■ **Exercise aim**:
An exact transcription is needed, beginning at the line with "test code nerd" and ending at the last line of the listing, with pictures left out and nothing else added.
= = =
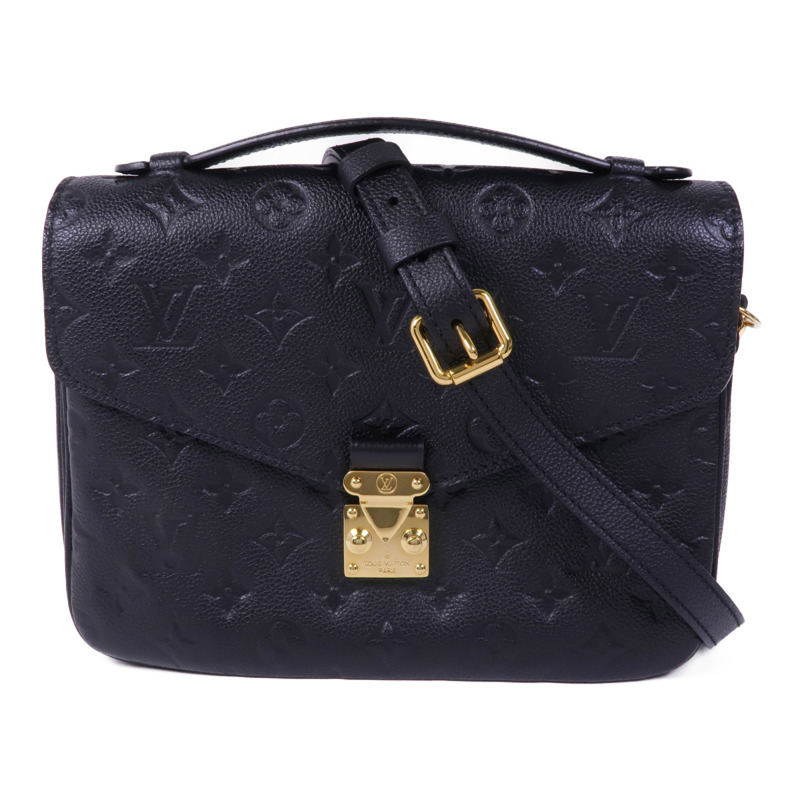 LOUIS VUITTON Monogram Empreinte Pochette Metis金扣手挽肩背兩用袋-0
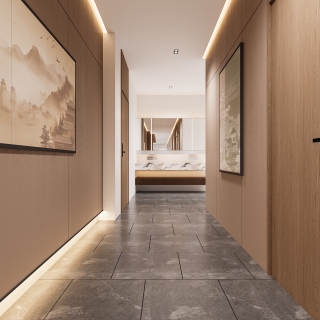 现代餐馆过道静态2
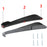 Black Carbon Fiber Finish PP Universal Fit Rear Bumper Lip Splitter Diffusers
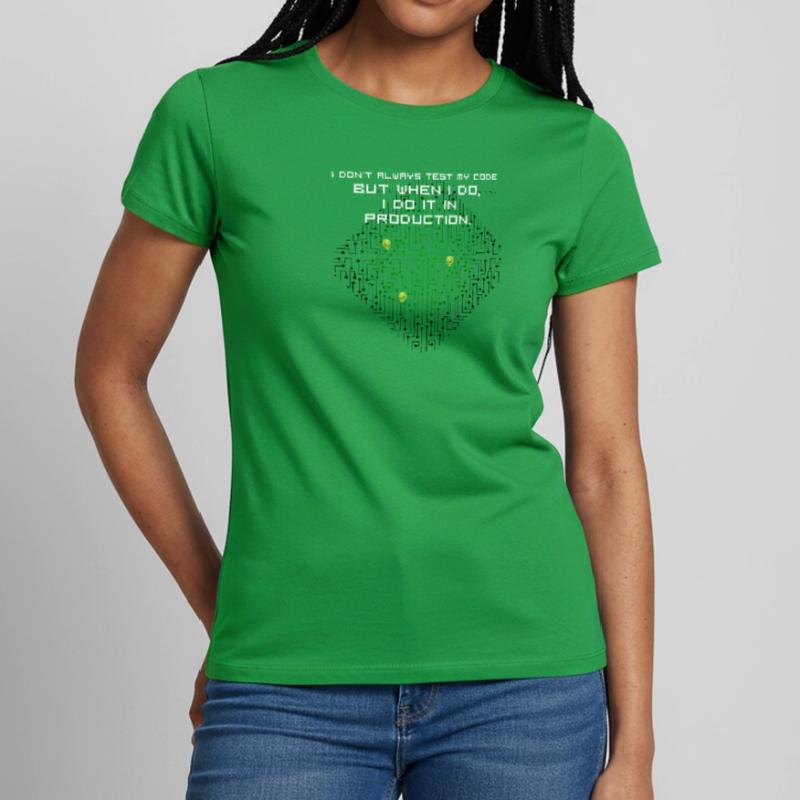 test code nerd joke proverbe pc programmeur geek i T-shirt Femme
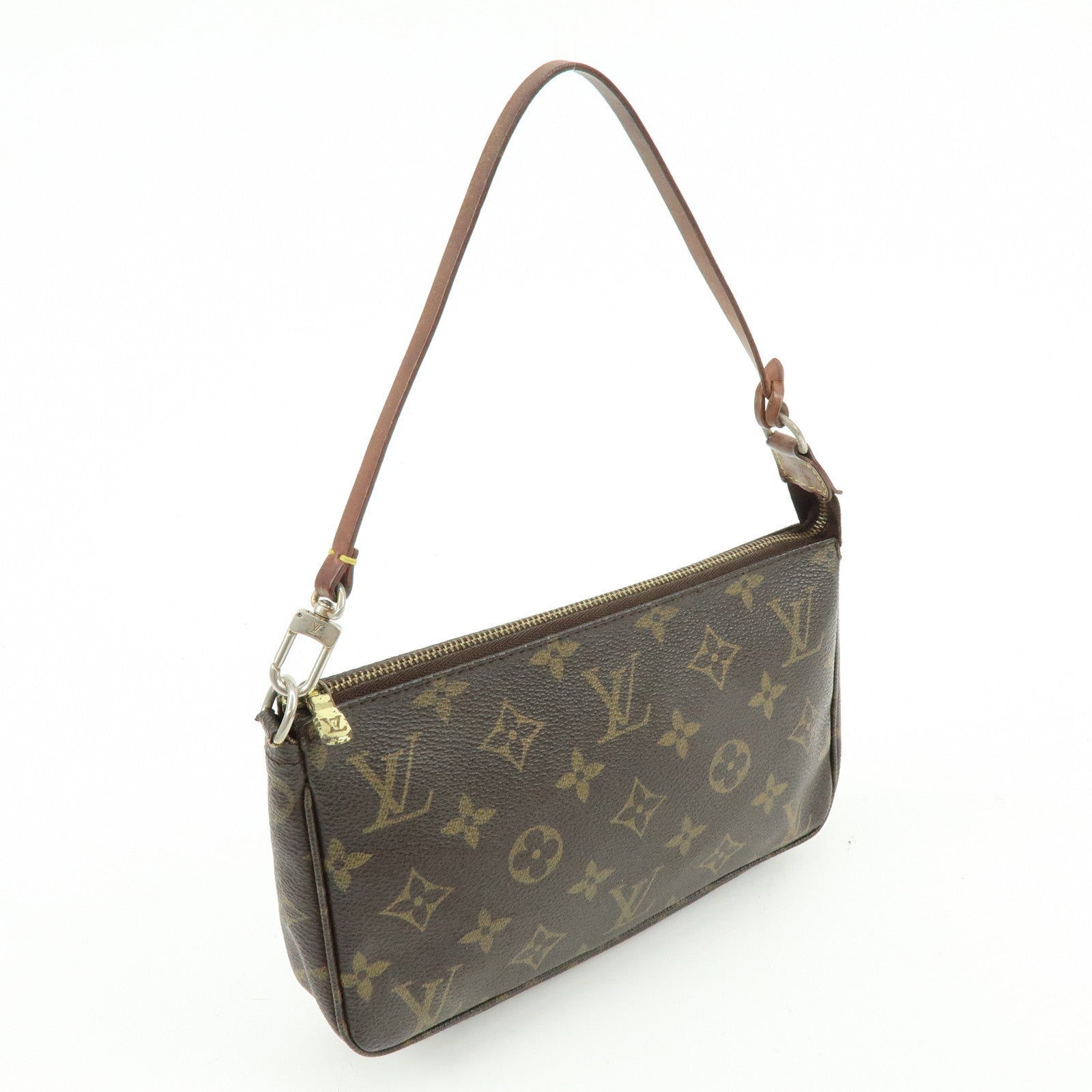 Louis Vuitton Monogram Pochette Accessoires Pouch Hand Bag M51980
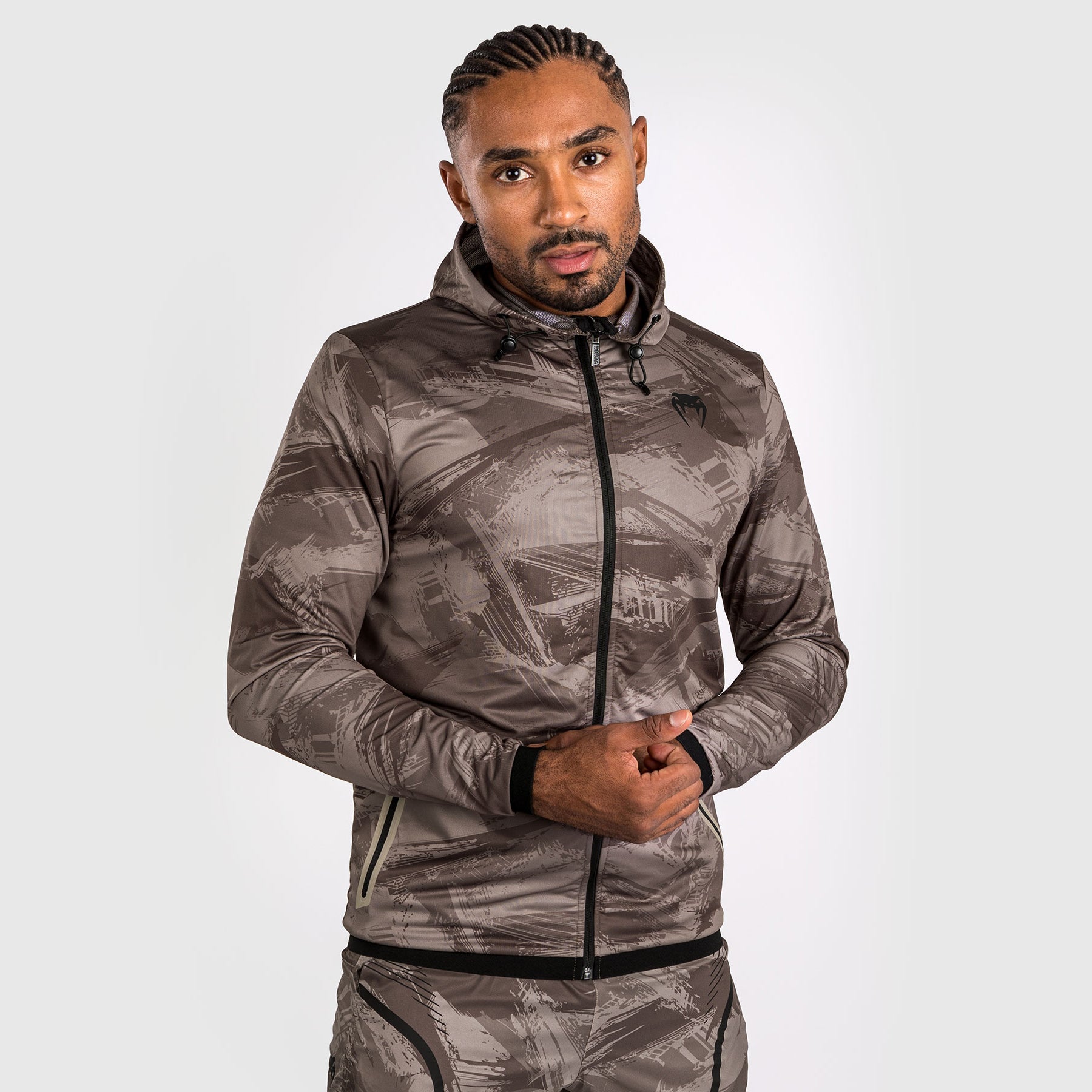 venum-electron-3-0-hoodie-herren-mit-reissverschluss-sand image 1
= = =
■ **The answer**:
 test code nerd joke proverbe pc programmeur geek i T-shirt Femme
 Louis Vuitton Monogram Pochette Accessoires Pouch Hand Bag M51980
 venum-electron-3-0-hoodie-herren-mit-reissverschluss-sand image 1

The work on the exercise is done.